The market share of volume housebuilders has almost doubled from 31 percent in 2008 to 59 percent in 2015, according to a parliamentary report, as smaller firms – beset by tighter lending criteria, planning delays and lack of resources – went out of business. But while some have been more forward-thinking than others – for example Crest Nicholson said back in 2018 that it hoped to build around 15 percent of its homes using offsite manufacturing (OSM) by 2020 – others still continue to deploy the same methods to build homes used almost a 100 years ago.

However, change is on the horizon, and whether it is forced on housebuilders or they embrace it, a step-change is certainly happening.

The construction industry, as we are all aware of by now, is one of the UK’s biggest emitters of carbon – responsible for 40 percent of our nation’s total. Meanwhile, the operational emissions from the UK’s housing stock stand at around 20 percent of the UK’s total, according to the Committee on Climate Change.

Offsite manufacturers, such as ilke Homes, who deploy precision-engineering techniques along production lines in factories to deliver high-quality, energy-efficient housing, are well placed to offer a solution to this.

In February, the Government announced its long-awaited decision on the Future Homes Standard. As part of new building regulations, all new-build homes constructed from next year onwards will be expected to produce 31 percent lower carbon emissions. New homes will also be required to have “low-carbon heating” and to be “zero carbon ready” by 2025, the Ministry for Housing said.

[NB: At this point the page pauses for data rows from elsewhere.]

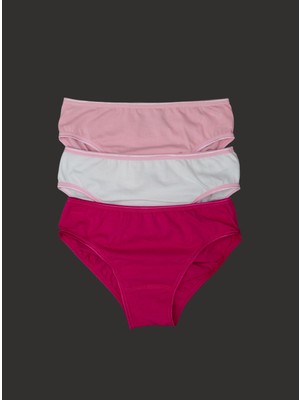 Blackspade Kız Çocuk Külot 3lü Paket 1294 - Fuşya Pembe Beyaz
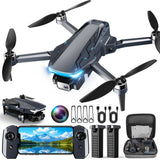 GPS Drone with Camera, 2K HD Drones for Adults, Foldable FPV Charcoal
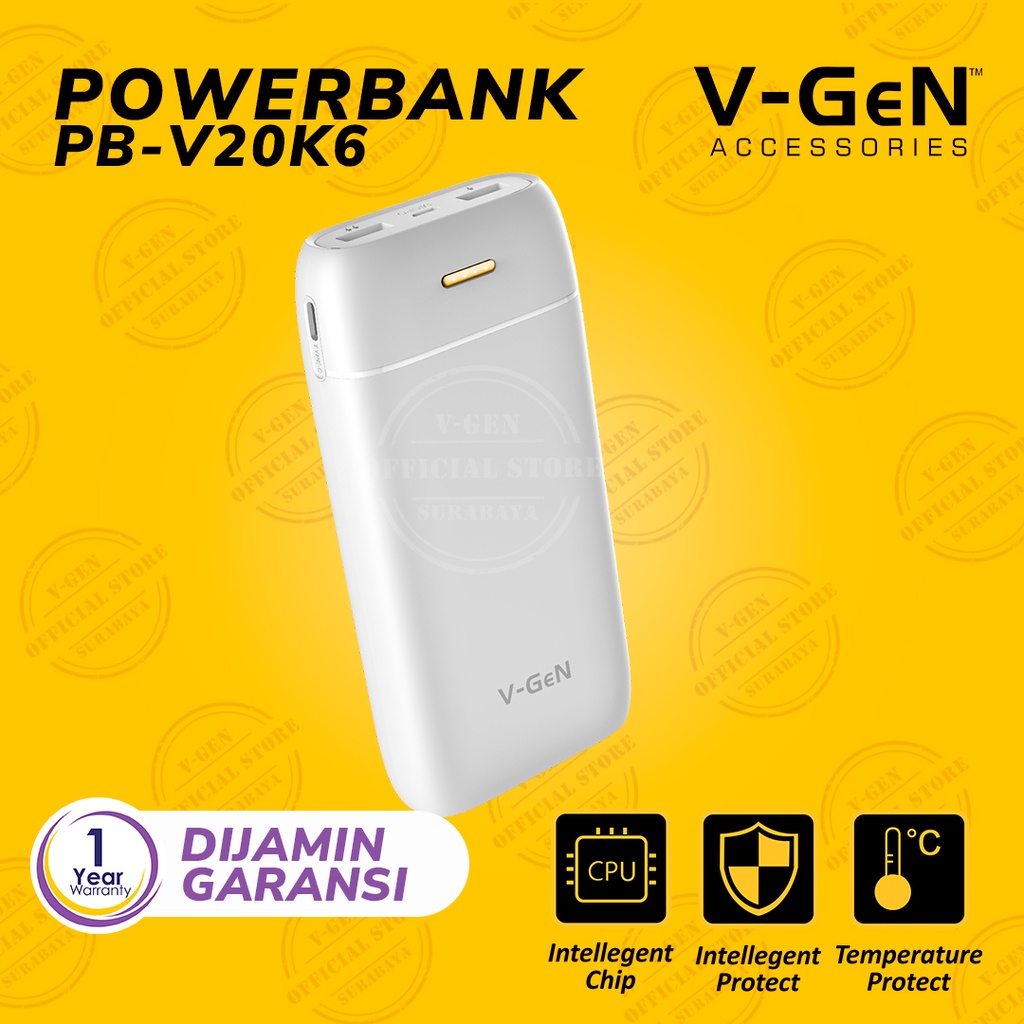 Powerbank V-GeN Rescue V20K6 20000mAh Type C Input 2 Port USB Output V-GeN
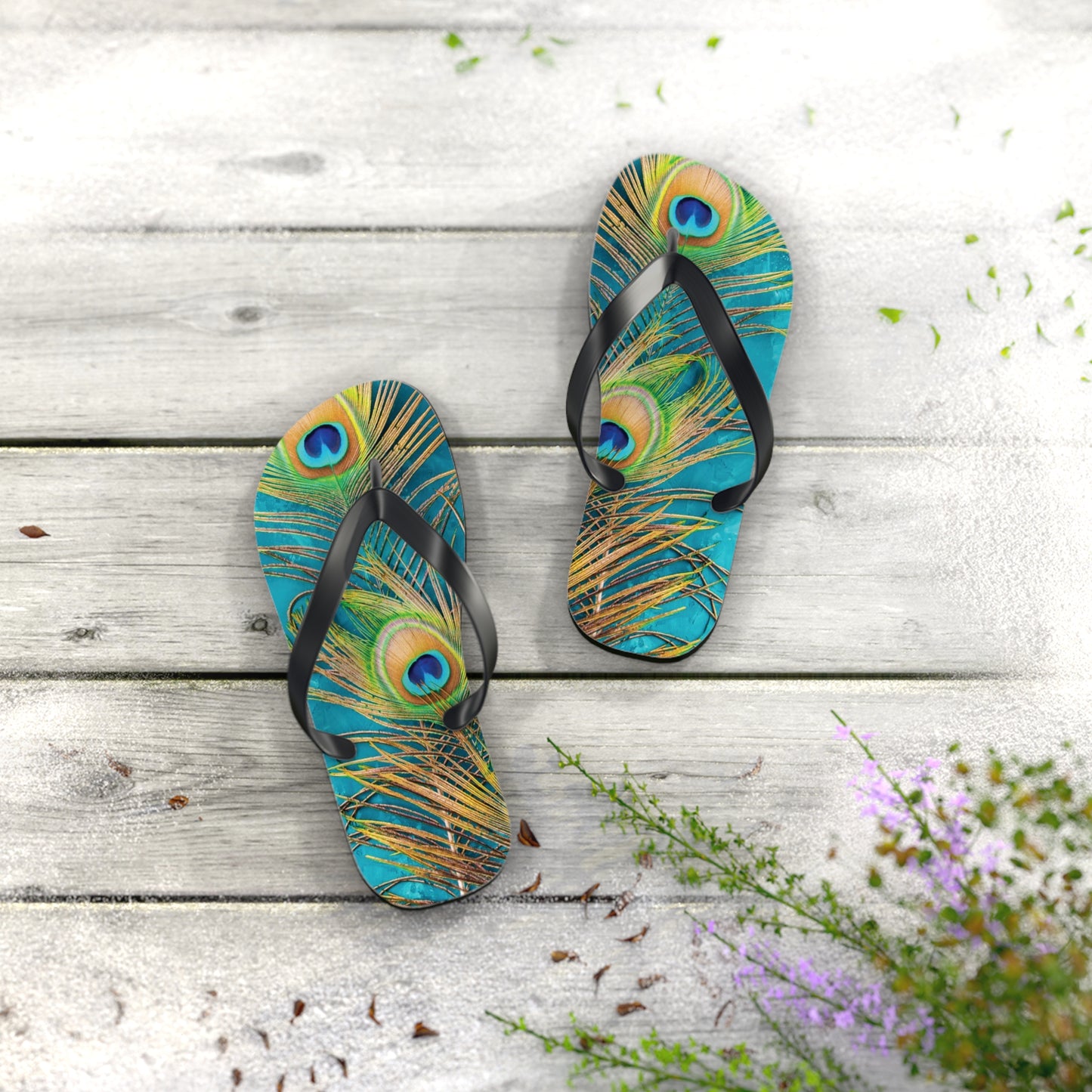 Flip Flops - Peacock Turquoise Glow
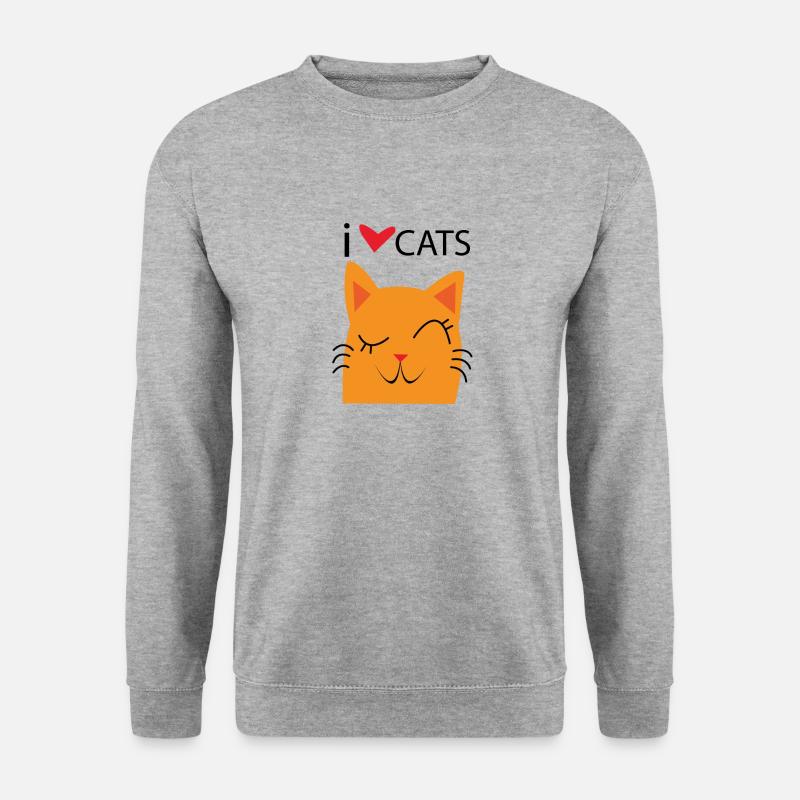 I love Cats - Unisex Pullover - Weißgrau meliert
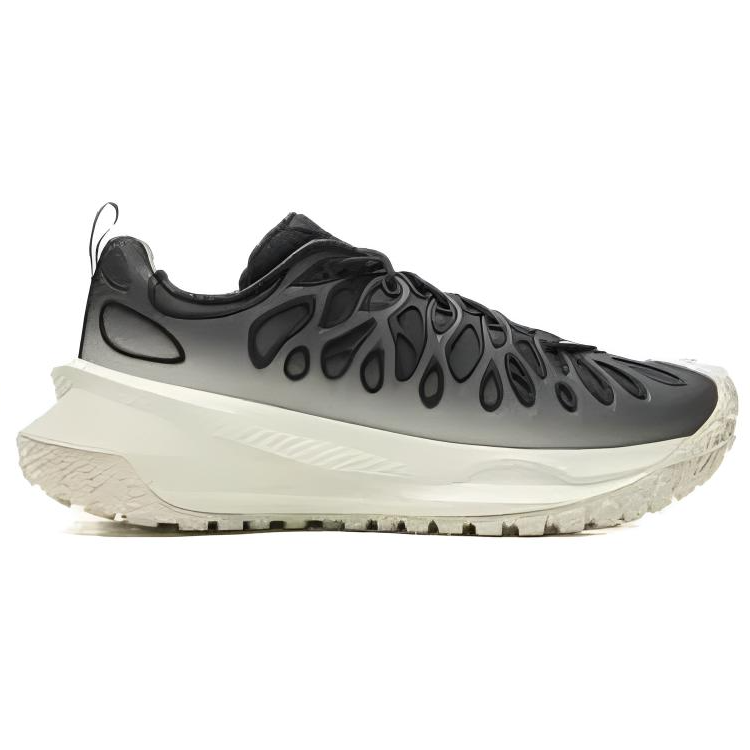 Li Ning Cushioning Reflective Abrasion Resistant Low top Casual Running Shoes Unisex Black White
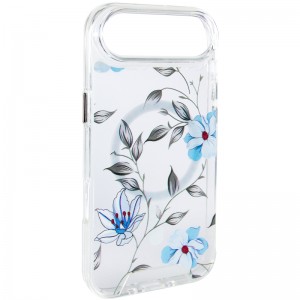 Чехол TPU+PC Clear Garden с MagSafe для Apple iPhone 17 Air (6,5") Blue Blossom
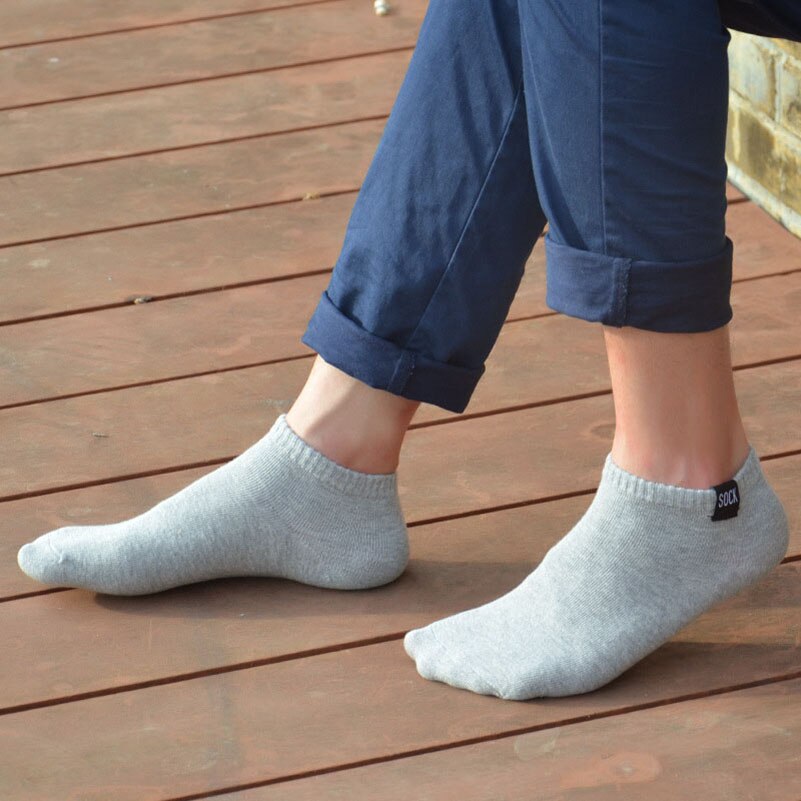 LKWDer 5 Pairs Mens Socks Men Sock Extra Large Big Plus Size 45,47,48 Ankle Socks Men Casual Sox Calcetines Hombre Meias: C grey / EUR 38-43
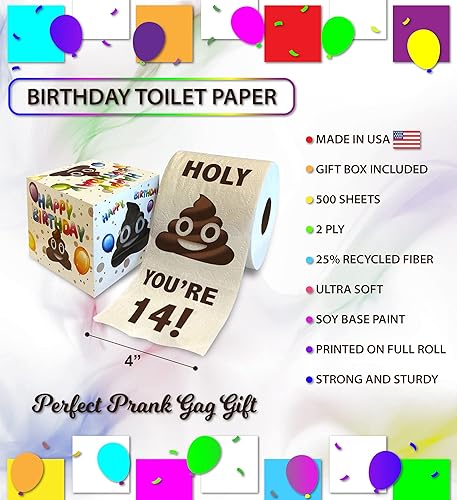 Miniatura 3 de Papel higiénico impreso TP Holy Poop You're 14 Impreso - Papel higiénico divertido de feliz cumpleaños número 14 para la mejor broma, sorpresa,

Cash-strapped councils and housing associations (HAs), who have suffered from cuts in central Government funding and a lack of skilled resource, may struggle to meet these targets – this is where modular housing can step in. 

ilke Homes is able to deliver zero-carbon homes now. In layman terms this means that the home’s operation emissions – those emitted via utilities such as heating, hot water, ventilation and lighting used by the home – are reduced by 100 percent. 

Our zero-carbon offering, branded ilke Zero, will help councils and HAs avoid costly retrofitting programmes down the line, as homes are built to exceed new building regulations, and partnered with our turnkey offering, by which we take charge of the whole construction programmes, their resources need not be stretched further than they already are.

Another issue that plagues the housebuilding industry is quality. While some mistakes are to be expected in a product as complex as a home, 97 per cent of buyers reported snagging problems or defects to their builder last year, according to the 2020 national new home customer satisfaction survey.

In an age where technology is helping transform industries beyond recognition – such as car manufacturing and aviation – it’s time for housebuilding to have its day of reckoning. By using precision-engineering techniques that are more similar to Formula 1 than housebuilding, we, at ilke Homes, are able to deliver homes that are free of snagging issues.

Lastly is the skills crisis that has been decades in the making. The rate of retirement in construction looks set to increase as 22 percent of the workforce are over 50, and 15 percent in their 60s. Compounding this issue is the fact that less and less young workers choose construction as a career path, while the new post-Brexit ‘skills-based’ immigration system threatens to reduce the industry’s access to talent from the Bloc.

OSM doesn’t draw from the same talent pool as construction. Therefore, it has the ability to ramp up housing delivery without placing an extra burden on skills availability. In addition, unlike a traditional construction site where young workers learn a specific trade – e.g. carpentry or plumbing – OSM provides a worker with transferable skills, such as in digital design and operating complex machinery, that can be used in other manufacturing arenas – such as car manufacturing.

If we’re going to tackle the problems posed by new building regulations, poor build quality and the skills crisis, then a step-change in how we build homes is needed. While not the whole solution, factory-built housing can bring much-needed additionality to the market.